Trump voices the moral clarity on hostages the world needed
The president-elect’s threat—“There will be all Hell to pay in the Middle East”—if Hamas didn’t release its captives before his inauguration sent a message to Iran.
By Jonathan S. Tobin
JNS
Dec 4, 2024
GOP presidential candidate and former President Donald Trump takes photos with the family of Edan Alexander at the Ohel in Queens, N.Y., the resting place of Rabbi Menachem Mendel Schneerson (the Lubavitcher Rebbe), one year after the Hamas-led terrorist attacks and kidnappings in southern Israel, Oct. 7, 2024.
We don’t know yet what impact President-elect Donald Trump’s bombshell statement about the fate of the Israeli hostages still held by Hamas will be. But in one post on his Truth Social site, he neatly summarized what has been lacking in terms of American leadership when it comes to the fight against Iranian-funded Islamist terrorism for the past four years.

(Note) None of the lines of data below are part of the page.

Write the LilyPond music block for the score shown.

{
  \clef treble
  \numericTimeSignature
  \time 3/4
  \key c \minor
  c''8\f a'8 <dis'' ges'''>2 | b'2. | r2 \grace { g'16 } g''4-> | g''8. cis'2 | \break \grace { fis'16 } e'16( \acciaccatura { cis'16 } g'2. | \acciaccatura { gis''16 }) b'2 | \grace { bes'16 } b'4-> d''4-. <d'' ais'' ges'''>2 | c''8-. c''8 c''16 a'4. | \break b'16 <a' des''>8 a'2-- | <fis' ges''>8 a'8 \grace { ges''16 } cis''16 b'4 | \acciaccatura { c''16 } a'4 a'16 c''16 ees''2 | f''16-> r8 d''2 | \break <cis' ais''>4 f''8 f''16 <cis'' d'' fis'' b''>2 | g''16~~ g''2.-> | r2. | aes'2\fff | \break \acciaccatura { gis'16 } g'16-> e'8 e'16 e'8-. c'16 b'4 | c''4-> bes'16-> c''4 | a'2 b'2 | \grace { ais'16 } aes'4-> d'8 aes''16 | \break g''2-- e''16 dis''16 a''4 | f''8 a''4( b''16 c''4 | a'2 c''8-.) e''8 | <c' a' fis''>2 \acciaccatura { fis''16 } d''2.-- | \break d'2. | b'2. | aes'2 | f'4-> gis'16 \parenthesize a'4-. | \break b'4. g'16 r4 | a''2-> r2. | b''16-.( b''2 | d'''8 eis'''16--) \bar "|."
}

Trump’s post—with its characteristic bombastic tone and use of capital letters for emphasis—was very different from the public statements of the Biden administration foreign-policy team in recent months on the same topic or that of any other world leader. The United States has condemned Hamas, but in the last year has been primarily focused on pressuring Israel to give up its campaign to eliminate the terrorists and agree to a ceasefire with only a partial release of the hostages. That would effectively hand the perpetrators an undeserved victory for the massacre of 1,200 men, women and children in Israel on Oct. 7, 2023.
Instead, Trump put the onus for achieving the release of the hostages—something all decent people should support—on the Palestinians. They were responsible for that rampage of mass murder, torture, rape and kidnapping. But by specifying that the “All HELL TO PAY” would be felt throughout the Middle East, he was also sending a powerful message to Hamas’s foreign backers. Iran, as well as nominal U.S. allies like Qatar and Turkey, who have provided the terrorists with aid and diplomatic cover are also now on notice to secure the hostages’ freedom lest they, too, face Trump’s wrath once he returns to the White House on Jan. 20.

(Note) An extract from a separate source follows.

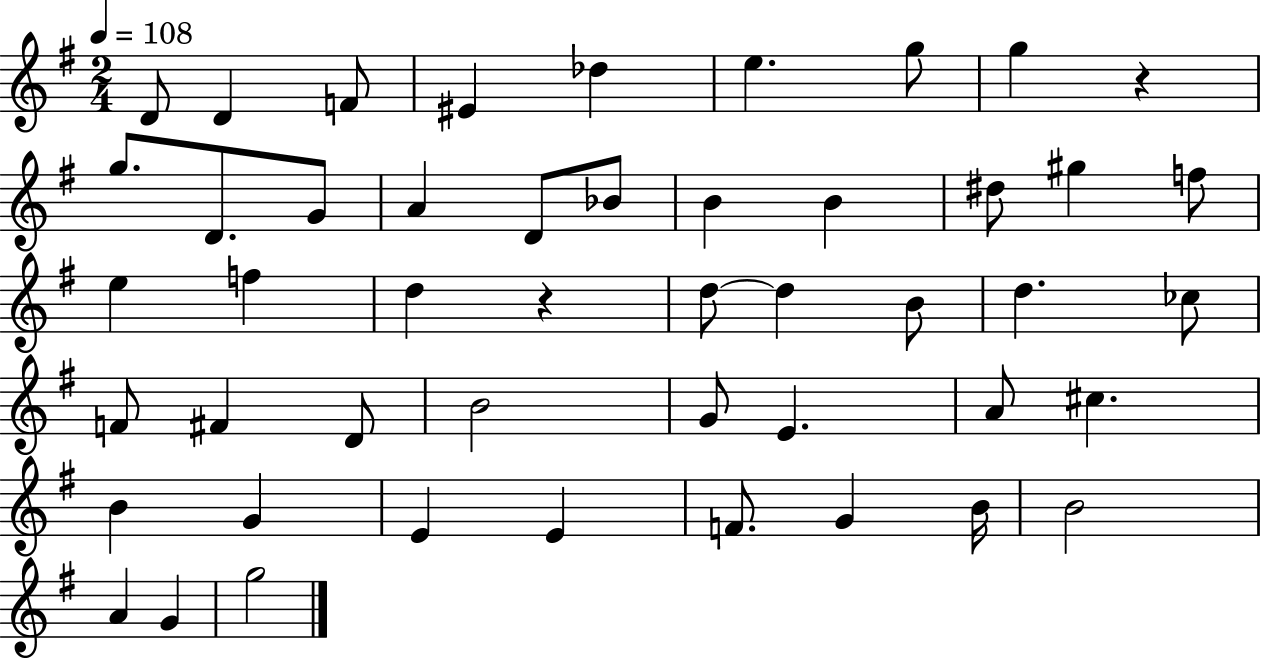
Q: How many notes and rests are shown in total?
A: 48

It’s true that the Biden administration has been working on trying to broker a deal that would lead to the release of at least some of the 101 hostages (approximately 60 are believed to be alive) that are still unaccounted for. But there has been no such unambiguous message from Washington about what it expects from the Hamas terrorist organization or its allies in the Muslim and Arab worlds. Instead, and in keeping with its consistent efforts to undermine and topple the government of Israeli Prime Minister Benjamin Netanyahu since Israelis elected it in November 2022, Biden has wanted Netanyahu to make concessions that wouldn’t return all the hostages at once and that would hand over Gaza to the weak and corrupt Palestinian Authority, which has, despite its rivalry with Hamas, never condemned the atrocities that took place on Oct. 7. That is a formula to ensure that Hamas would soon return to power there, leaving Israel in as much danger as it was when the Palestinians started this war.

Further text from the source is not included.